Kuşkusuz Abdülhamit devrinin sürgün yerleri arasında en çok Taif ve Fizan öne çıkmıştır. Buralara genellikle siyasi nedenlerle cezalandırılan muhalifler gönderilmiştir.
Libya’nın güneyinde bulunan ve ülkeyi oluşturan üç bölgeden biri olan Fizan, 570.000 km2 genişliğinde olup %95’i çöllerle kaplıydı. XIX. Yüzyılda önce kaza sonra da Trablusgarp vilayetine bağlı bir sancak haline getirildi. Abdülhamit, Fizan’ı bir sürgün yeri olarak kullandı ve Jön Türkleri buraya sürgüne gönderdi. Ayrıca muhalif memurlar da “tayin” adı altında buraya gönderilince bölge tam bir sürgün yeri oldu.
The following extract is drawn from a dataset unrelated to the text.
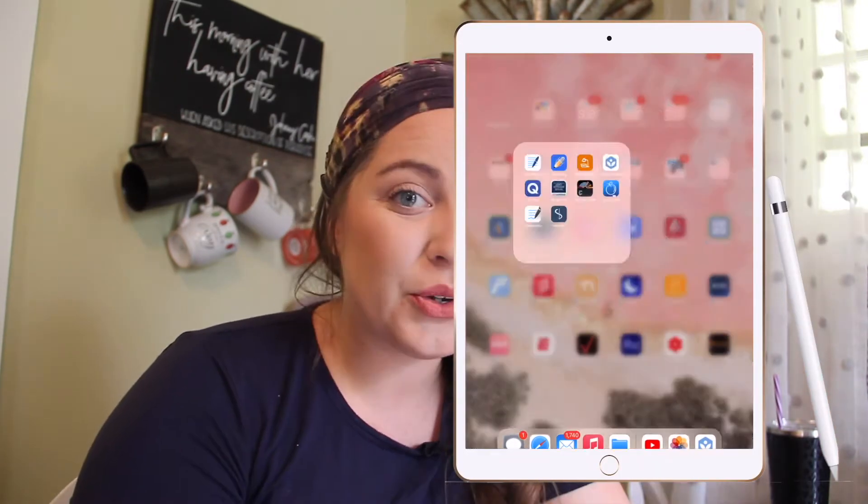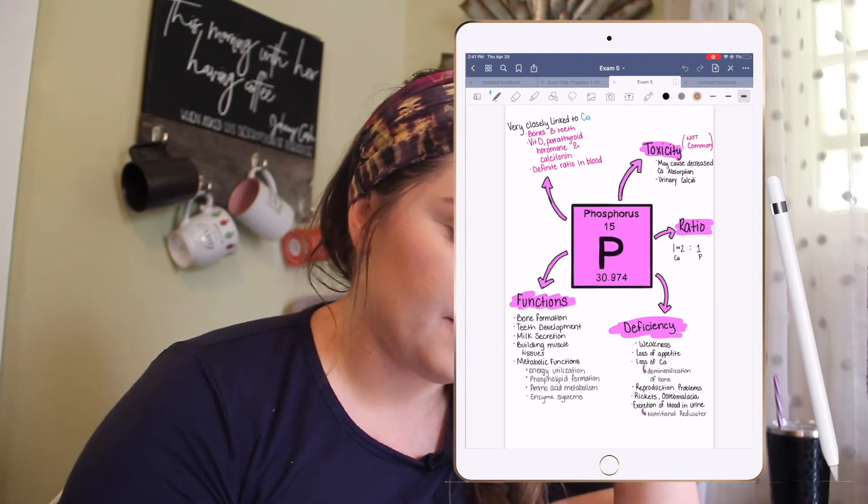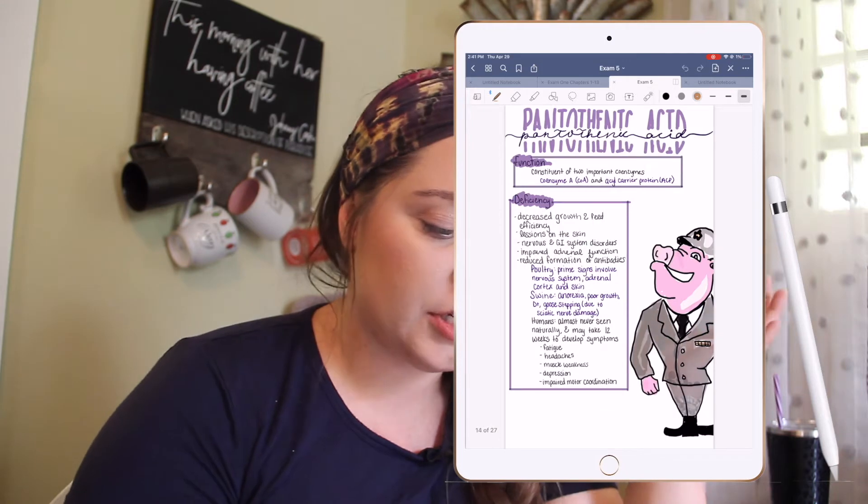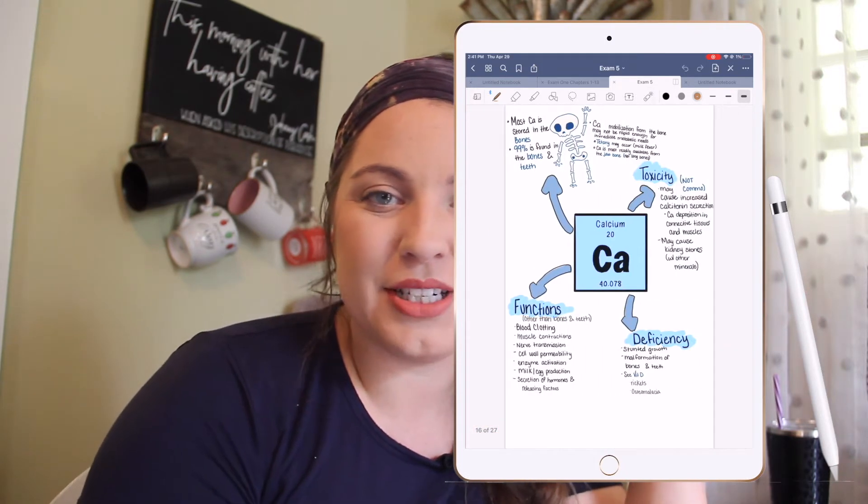My home screen is pretty much just a normal home screen — I don't do anything fancy. My phone, on the other hand, is Western themed, so shout out to that update. The main apps I use every day for notes and studying are Good Notes and Notability. Good Notes is one of my favorite apps — I think it has the best selection of pens and highlighters. These are my notes for my animal nutrition class. I like the gray or white lined paper, and I actually purchased some templates off Etsy and upload them into either app.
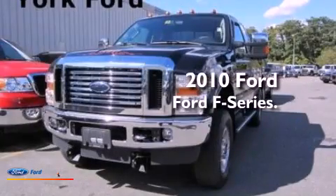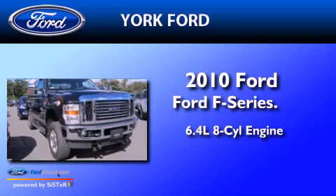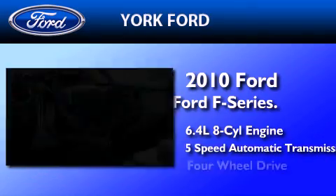This is a 2010 Ford F-Series. It features a 6.4-liter 8-cylinder engine, a 5-speed automatic transmission, and 4-wheel drive.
Birçok İttihatçı sürüldükleri Fizan’dan geri dönemeden orada vefat ettiler. Fizan sürgünlerinin en meşhurları “Şeref Kurbanları” olarak anılan Tıbbiye öğrencileri ve hekimlerdir. 1896’da büyük bir tutuklama furyasına girişen Abdülhamit, 78 Tıbbiye öğrencisi ve hekimi Şeref vapuruyla Fizan’a sürgüne gönderdi.
Sürgünlerin bir kısmı burada vefat ederken esaret ve sefalet çok sıkıntılı günler geçirmelerine neden oluyordu. Arada bir çıkan “af” söylentileri ise sürgünler için önemli bir ümit vesilesiydi. Nitekim Abdülhamit 1898 yılında bazı sürgünleri affetti ve görevlerine dönmelerine imkân tanıdı. Ancak affa mazhar olmanın şartı padişaha sadakat yemini etmekti. Geri kalanlar ise II. Meşrutiyetin ilanıyla geri dönebildiler.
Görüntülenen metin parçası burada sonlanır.